At the first stop where I normally target moana kali, there were opelu bait balls around and sure enough the lighter damashi rig brought up opelu on both the Minnow and the little lure. The opelu bite was good and by the time I had 6 in my bait tube, there wasn’t anything else good on the bottom. So I headed over to a slightly deeper spot that has held small uku, and big jacks. On the way over, in what I think is a flat hard bottom, was a layer of something right off the bottom. I dropped the larger damashi rig down and a 2lb omilu came up. That was very unusual, finding omilu not on a rocky reef. I released it and caught another omilu right after. Not wanting to be catching hard fighting fish I have to release, I moved on to the uku/ulua spot, but just caught the rubbish fish (trumpetfish and taape) that bite when the conditions are too calm.
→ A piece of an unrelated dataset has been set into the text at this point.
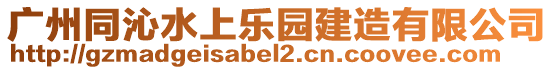 廣州同沁水上樂園建造有限公司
So I put a live opelu out with a sliding tungsten bullet weight in front of it, and towed it out a mile. Something took chunks of it behind its head and killed it but was too small to take the hooks. I put another one out and something else took chunks in the stomach area. Odd that those fish didn’t chip away at the entire fish but that was an indication that pelagics weren’t in that specific area.

I reached a spot in 180ft where kahala have hit jigs in the past, and I dropped the mangled opelu down to the bottom. Sure enough something strong grabbed it, and my drag’s strike setting wasn’t strong enough to stop it from rocking me. Assuming there were more kahalas around I dropped down the 120g tungsten knife jig. It took 45 seconds to reach the bottom, and I could barely feel any resistance jigging it back up. On the 4th drop it got hammered and I had the drag set very tight so I wouldn’t get rocked. The fish was so strong and the jig rod’s butt dug into my side. I was huffing and puffing but couldn’t stop to rest because the fish would then turn its head and swim down to rock me. After less than 3 minutes, which felt like 10 mins, a white ulua (GT) surfaced. I had let it depressurize about 20ft below the surface so it was able to swim down fine. Here’s the truncated video of that battle. If you’re interested in purchasing the 120g and 180g tungsten knife jigs, you can find them in the Store here. They’re pricey because they are tungsten, but they won’t tire you out until something big hits it.

I rested up a bit after that jig battle, and motored back to that big fish spot and dropped another chunk of fresh opelu on the bait rod, with the strike setting set higher. Sure enough another fish hit it and I was in for another grueling battle. A slightly bigger ulua came up that I released. Convinced there was nothing else down there but strong fish I didn’t want to fight, I put another live opelu out and headed back to shallower uku spot. Up to this point I just had opelu in my bait tube and nothing in my fish bag.

Finally, I landed a decent sized yellow spot papio after going through moana and big taape.

It took a while to catch a second yellow spot, right after a big opelu was hooked on the big damashi rig, and it was time to head in.

So I struck out with the live bait but the larger damashi lures did seem to attract larger fish, and I was finally able to fish deep enough to catch something on the 120g tungsten knife jig. Pretty good fishing despite very calm conditions and a junk moon phase.

The yellow spot ended up weighing 2lb and 2lb 10oz after being bled, and both were males developing sperm. Maybe all those papio were on the bottom getting ready for a spawn?

My neighbor Brian turned the larger yellow spot papio into something almost too beautiful eat.